To make matters worse, a study released last week by the National Academy of Sciences shows that the cooling pools at nuclear reactors, which store 10 to 30 times more radioactive material than that contained in the reactor core, are subject to catastrophic attacks by terrorists, which could unleash an inferno and release massive quantities of deadly radiation -- significantly worse than the radiation released by Chernobyl, according to some scientists.

This vulnerable high-level nuclear waste contained in the cooling pools at 103 nuclear power plants in the US includes hundreds of radioactive elements that have different biological impacts in the human body, the most important being cancer and genetic diseases.

The incubation time for cancer is five to 50 years following exposure to radiation. It is important to note that children, old people and immuno-compromised individuals are many times more sensitive to the malignant effects of radiation than other people.

I will describe four of the most dangerous elements made in nuclear power plants.

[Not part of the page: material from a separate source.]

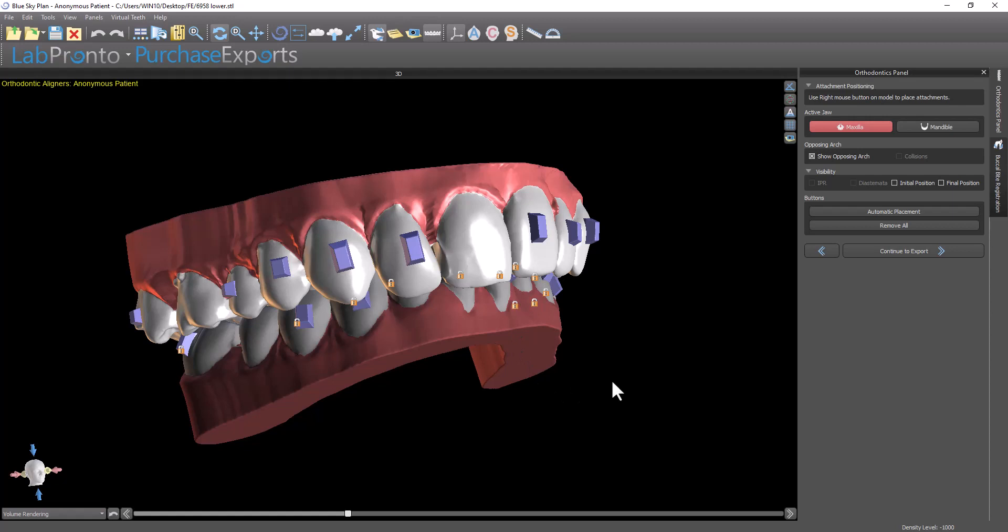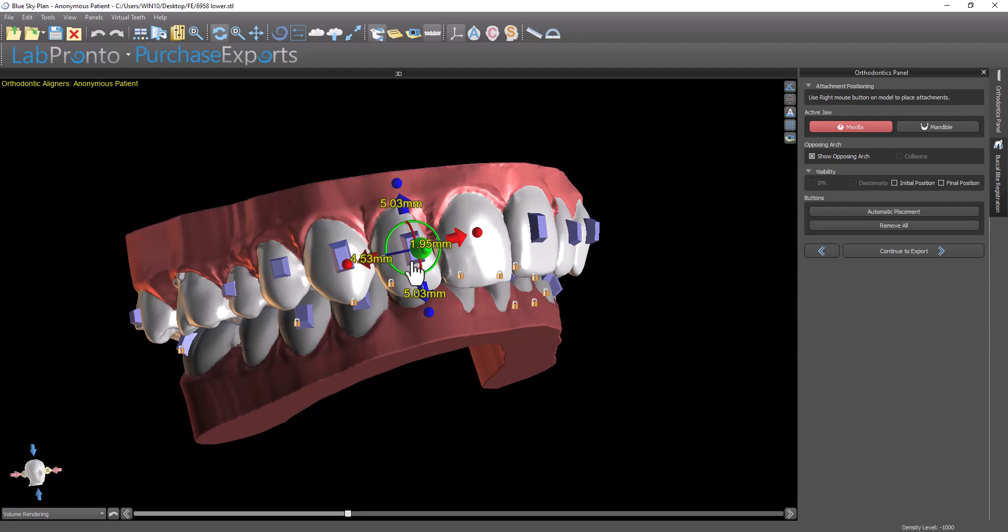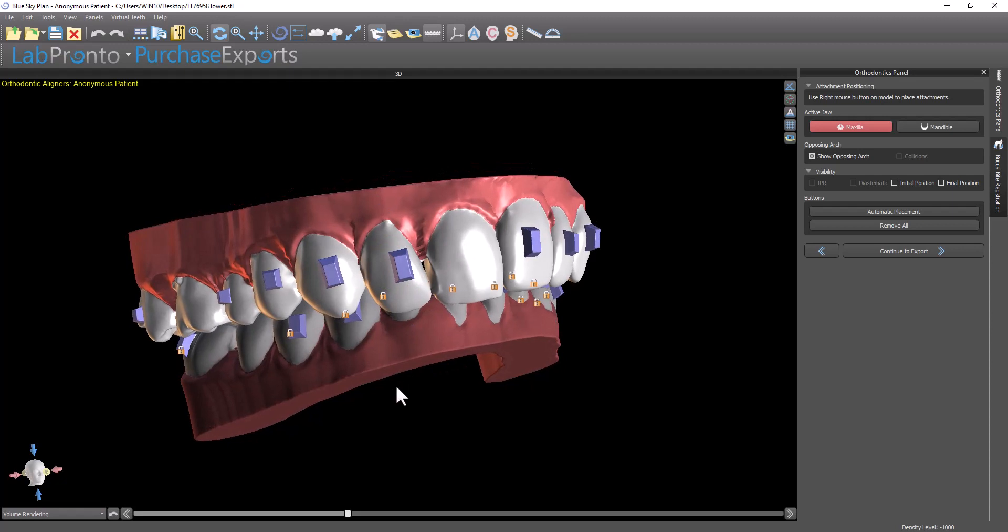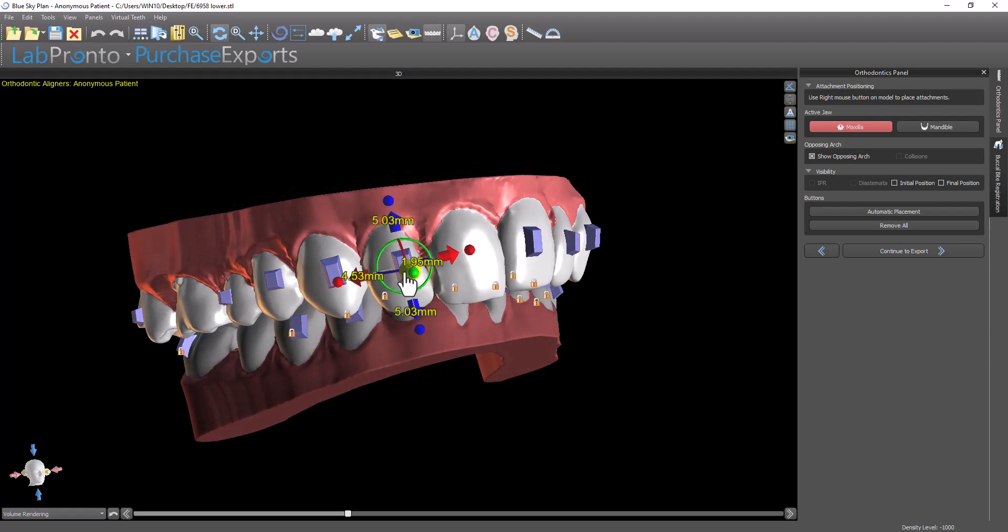If I want to remove particular buttons, all I need to do is make sure the correct jaw is selected and right-click on a button. Here I can move, rotate, or enlarge. I have all the functionality to modify any particular button. I also have the measurements of the button to the edge of the tooth in any direction.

Iodine 131, which was released at the nuclear accidents at Sellafield in Britain, Chernobyl in Ukraine and Three Mile Island in the US, is radioactive for only six weeks and it bio-concentrates in leafy vegetables and milk. When it enters the human body via the gut and the lung, it migrates to the thyroid gland in the neck, where it can later induce thyroid cancer. In Belarus more than 2000 children have had their thyroids removed for thyroid cancer, a situation never before recorded in pediatric literature.

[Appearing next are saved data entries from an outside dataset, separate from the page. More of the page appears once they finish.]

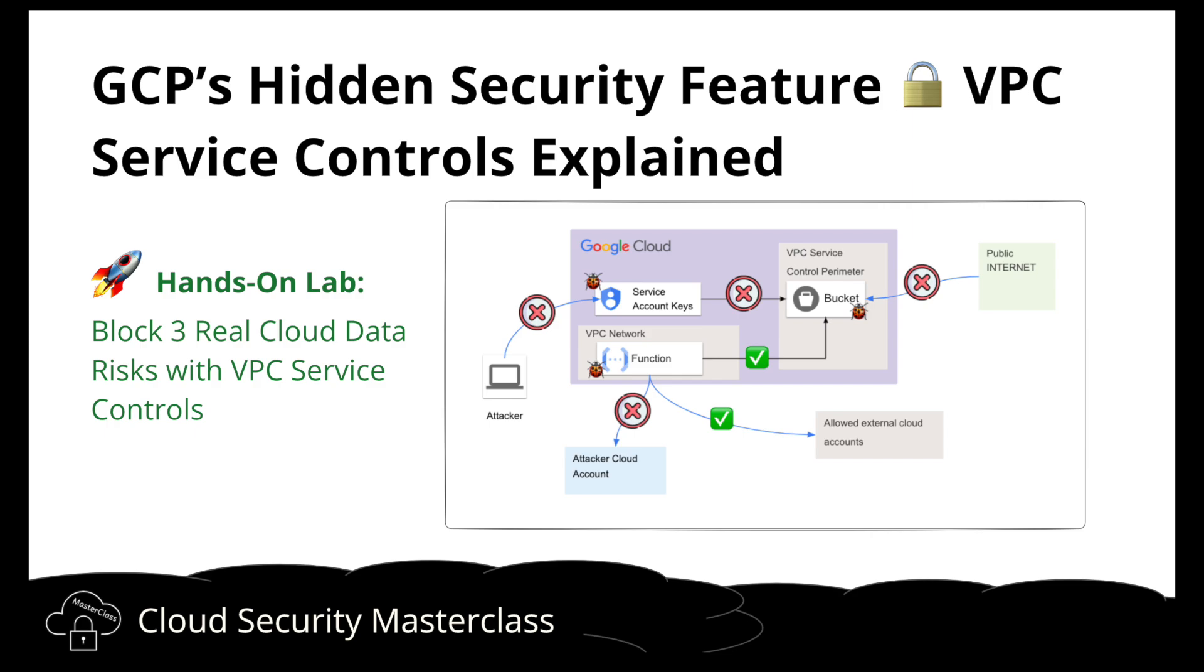Hey everyone, welcome back to the channel. In today's video, we are going to look at GCP VPC Service Controls, a powerful defense-in-depth feature that helps secure your cloud data beyond IAM.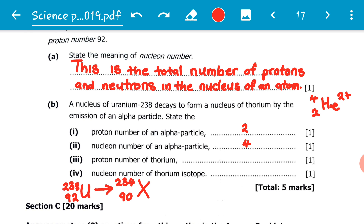So we expect the daughter to have a nucleon number of 234 and a proton number of 90. We complete the equation by adding the alpha particle itself. If we add the nucleon number of the alpha particle and that of the daughter, we should get the nucleon number of the parent uranium — and the same applies for the proton number. Therefore, the proton number of thorium is 90.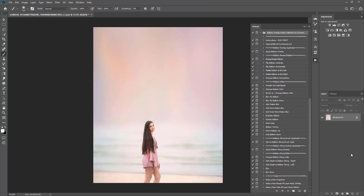Hi guys, it's Grace Pamela at Summerana.com and I'm going to show you how to apply balloon overlays using actions and brushes.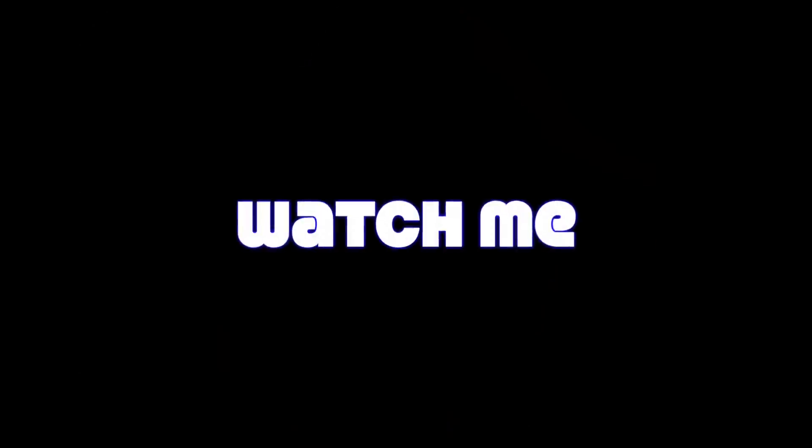The next question type is an interactive coordinate plane. Ooh, watch me, watch me.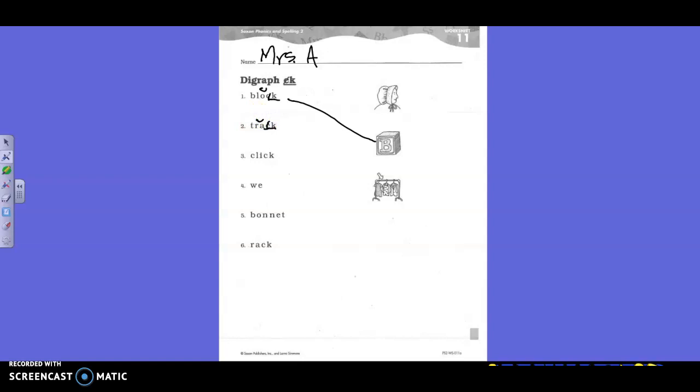T. R. R. A. Track. Track. Is there a picture of a track? No. No. Okay.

Strontium 90 lasts for 600 years. As a calcium analogue, it concentrates in cow and goat milk. It accumulates in the human breast during lactation, and in bone, where it can later induce breast cancer, bone cancer and leukemia.

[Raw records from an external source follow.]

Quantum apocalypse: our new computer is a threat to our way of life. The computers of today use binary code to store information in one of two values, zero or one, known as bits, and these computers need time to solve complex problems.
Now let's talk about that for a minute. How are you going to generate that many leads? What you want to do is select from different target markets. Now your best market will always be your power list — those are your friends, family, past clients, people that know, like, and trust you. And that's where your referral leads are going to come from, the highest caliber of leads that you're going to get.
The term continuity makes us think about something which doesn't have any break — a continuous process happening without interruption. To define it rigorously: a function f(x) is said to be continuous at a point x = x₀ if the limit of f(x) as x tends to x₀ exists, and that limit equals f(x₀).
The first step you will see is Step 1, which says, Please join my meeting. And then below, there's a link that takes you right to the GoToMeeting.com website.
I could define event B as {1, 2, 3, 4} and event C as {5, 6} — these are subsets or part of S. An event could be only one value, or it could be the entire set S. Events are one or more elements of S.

Cesium 137, which also lasts for 600 years, concentrates in the food chain, particularly meat. On entering the human body, it locates in muscle, where it can induce a malignant muscle cancer called a sarcoma.

Plutonium 239, one of the most dangerous elements known to humans, is so toxic that one-millionth of a gram is carcinogenic. More than 200kg is made annually in each 1000-megawatt nuclear power plant. Plutonium is handled like iron in the body, and is therefore stored in the liver, where it causes liver cancer, and in the bone, where it can induce bone cancer and blood malignancies. On inhalation it causes lung cancer. It also crosses the placenta, where, like the drug thalidomide, it can cause severe congenital deformities. Plutonium has a predisposition for the testicle, where it can cause testicular cancer and induce genetic diseases in future generations. Plutonium lasts for 500,000 years, living on to induce cancer and genetic diseases in future generations of plants, animals and humans.

Plutonium is also the fuel for nuclear weapons -- only 5kg is necessary to make a bomb and each reactor makes more than 200kg per year. Therefore any country with a nuclear power plant can theoretically manufacture 40 bombs a year.

Because nuclear power leaves a toxic legacy to all future generations, because it produces global warming gases, because it is far more expensive than any other form of electricity generation, and because it can trigger proliferation of nuclear weapons, these topics need urgently to be introduced into the tertiary educational system of Australia, which is host to 30 per cent to 40 per cent of the world's richest uranium.


Helen Caldicott is an anti-nuclear campaigner and founder and president of the Nuclear Policy Research Institute, which warns of the danger of nuclear energy.